Voters should be thankful we have a mayor who has driven hard bargains, as he did with Electric Works. Doden's approach was to give the developers everything they wanted. The mayor's was to guarantee that if the city was going to make the single largest commitment of dollars to any economic development project in its history, the city's investment would be protected.
If he appeared at times to be skeptical, he had good reason to be. He offered the developers $50 million, but that wasn't good enough. They held out for $63 million, which is the main reason the negotiations lingered. I'm sorry, but when someone offers you $50 million, you say, “Thank you” and get to work. Likely emboldened by Doden, they held out for what amounted to 5% of the entire project and implied that the mayor didn't really want the project at all. That is simply not true.
Mayor Henry's “skepticism” was in fact a determination to get the best deal possible for the benefit of taxpayers and the community, and that's what he achieved in the development contract, the deadline of which has been extended twice by the mayor. He's had to make tough decisions every day, while Doden stood on the sidelines frowning. Not surprisingly, he supports Tim Smith for mayor.
Mayor Henry is a man of faith, as is Smith; Tom just doesn't wear it on his sleeve. He's a man of deep and thorough experience in all the many departments under his charge. Smith has no experience in government. None.

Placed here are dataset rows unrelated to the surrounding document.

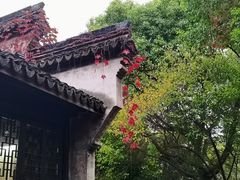 -乌镇景区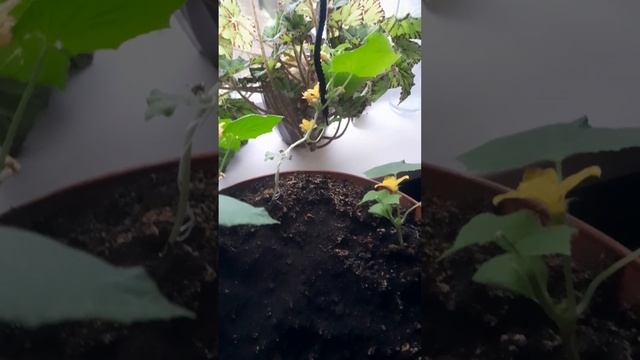 ОГУРЕЧКИ НА ПОДОКОННИКЕ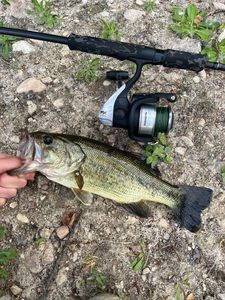 Largemouth Bass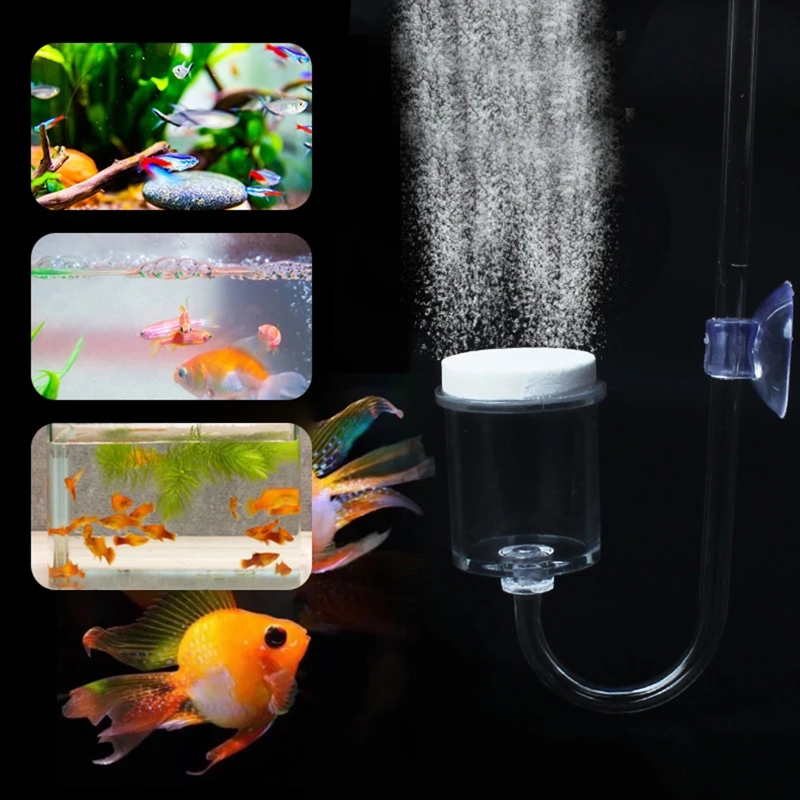 4pcs Set DIY CO2 Diffuser For  - Planted Aquarium Maintenance ulasan dan harga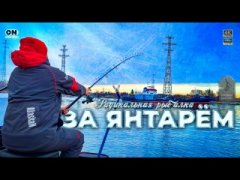 Зона отчаяния. Радикальная фидерная рыбалка!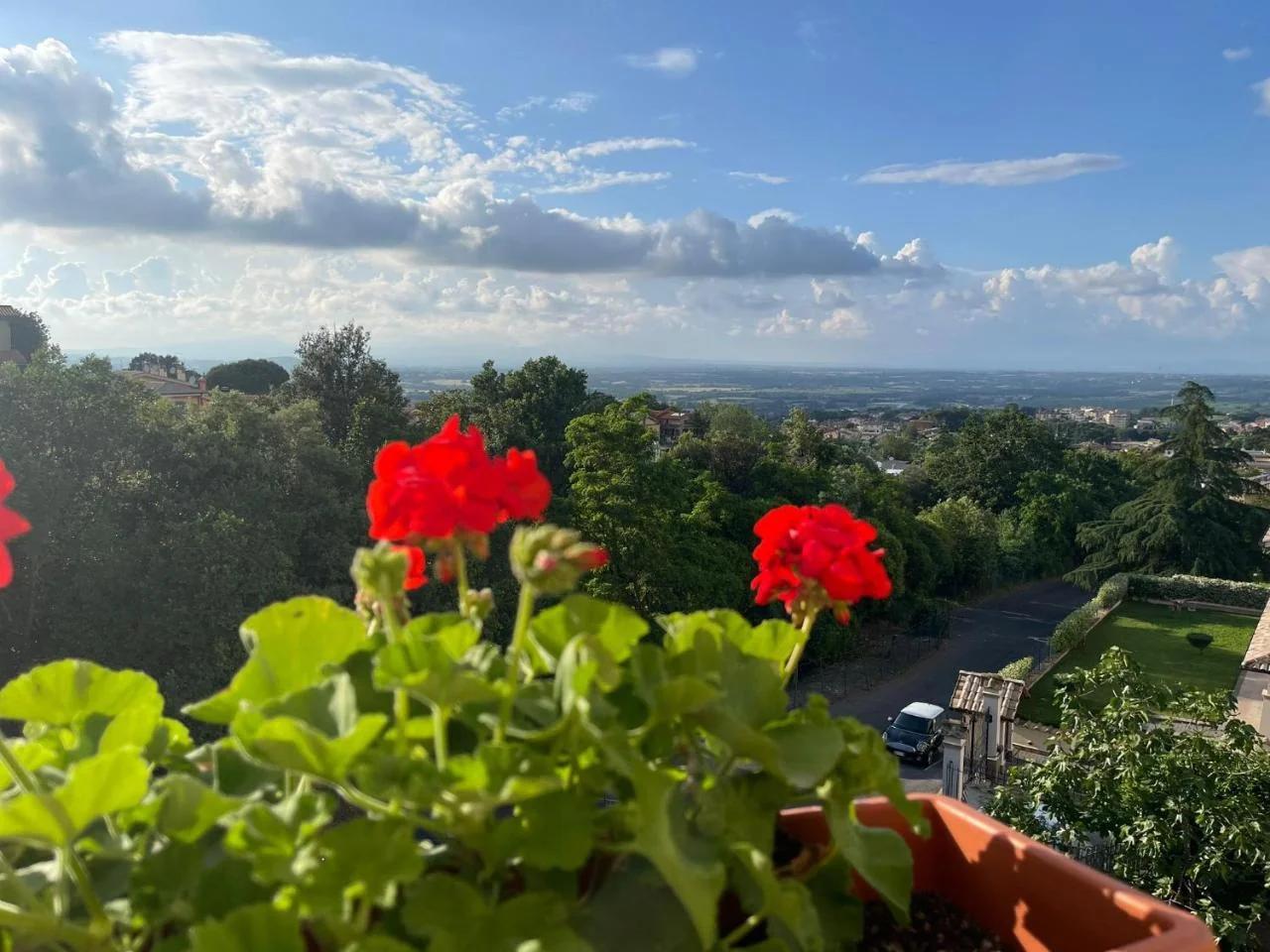 A casa di Miele photo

I know Mayor Henry to be a man who thinks things through, who respects and listens to his employees, and as a man of vision.
For example, Mayor Henry created Fort Wayne United and hired a young “force of nature,” Iric Headley, to run it. Fort Wayne United's primary mission is to help curb the murder rate among young black males. Fort Wayne United has too many programs to itemize here. Its flagship program, the Ten Point Coalition, was one year old on Oct. 25. With 22 contract employees, all paid for by a state grant and local donations, the coalition's teams have been walking the Oxford neighborhood on most nights, helping to solve problems and prevent crime. The result has been a 30% decrease in crime in the Oxford area.
Mayor Henry has significantly increased the number of police officers on the street; he has prioritized the spending in our neighborhoods, particularly in improving streets and sidewalks; and he has, leveraging the extremely successful Harrison Square, brought about two new hotels, the Skyline project, the Landing, Superior Lofts, the Clyde Theater and Promenade Park. Two more major projects have just been announced.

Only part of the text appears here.